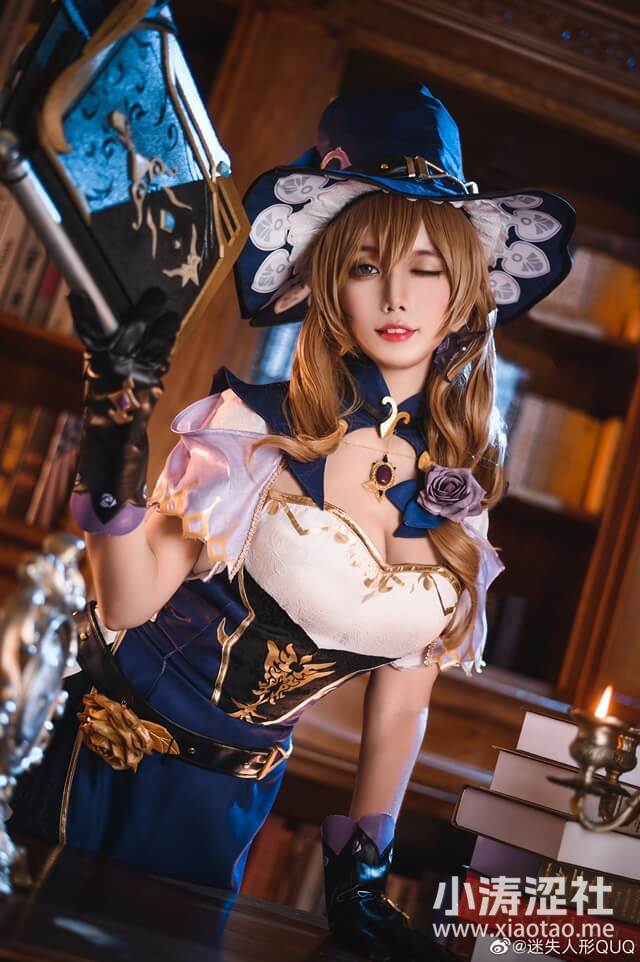 迷失人形QUQ cos图集 | 迷失人形QUQ在《原神Impact》cos丽莎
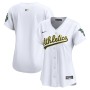 Oakland Athletics Nike Women's Home Limited Jersey - White Oakland Athletics Nike Women's Home Limited Jersey - White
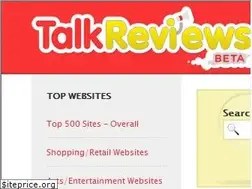 Sites similar to talkreviews.ch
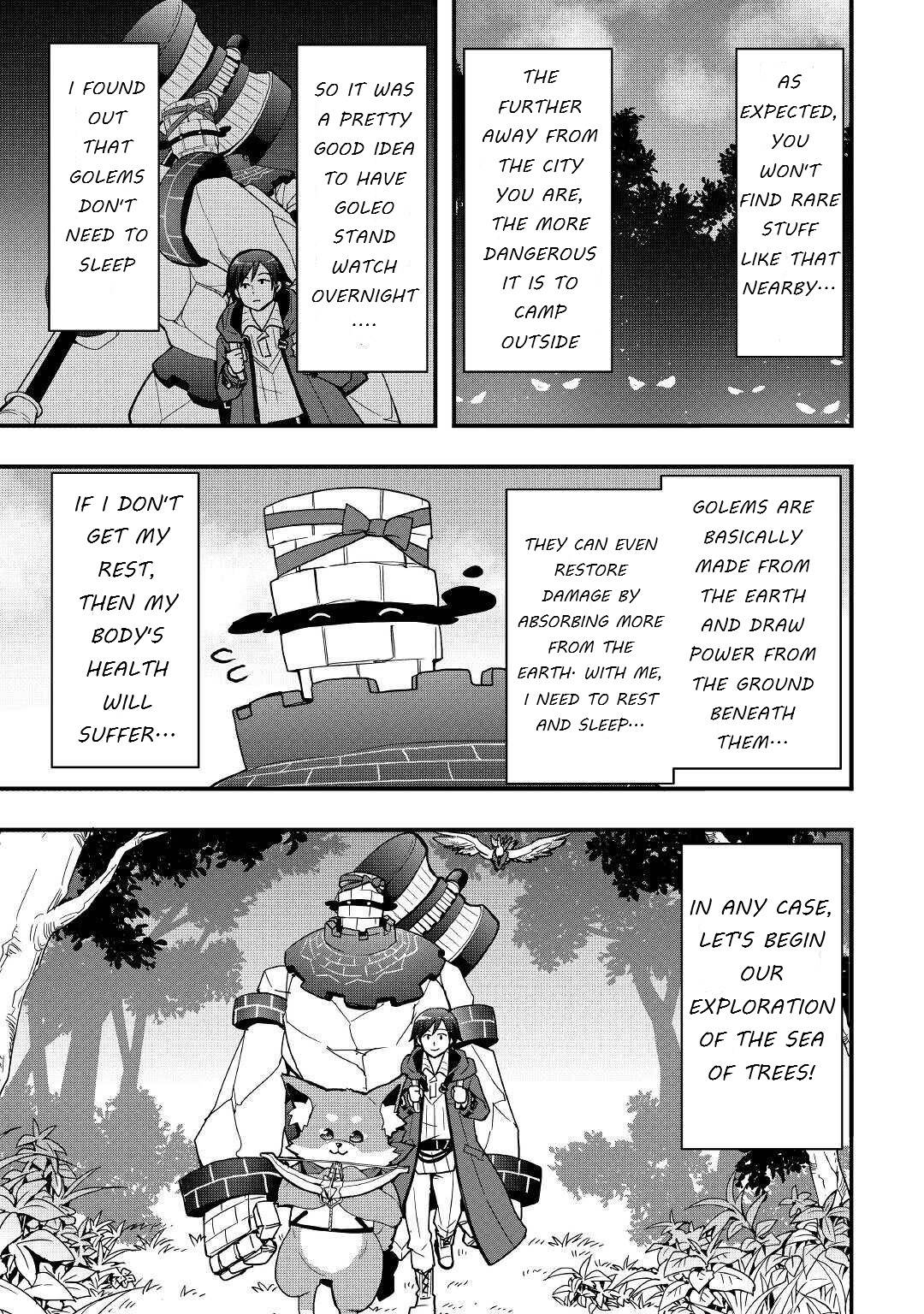 I Will Live Freely in Another World with Equipment Manufacturing Cheat chapter 19.2 page 9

■ **Task prompt**
Pictures in the listing above must be skipped; everything else should be copied exactly.

■ **Exercise solution**
 迷失人形QUQ cos图集 | 迷失人形QUQ在《原神Impact》cos丽莎
 Oakland Athletics Nike Women's Home Limited Jersey - White Oakland Athletics Nike Women's Home Limited Jersey - White
 Sites similar to talkreviews.ch
 I Will Live Freely in Another World with Equipment Manufacturing Cheat chapter 19.2 page 9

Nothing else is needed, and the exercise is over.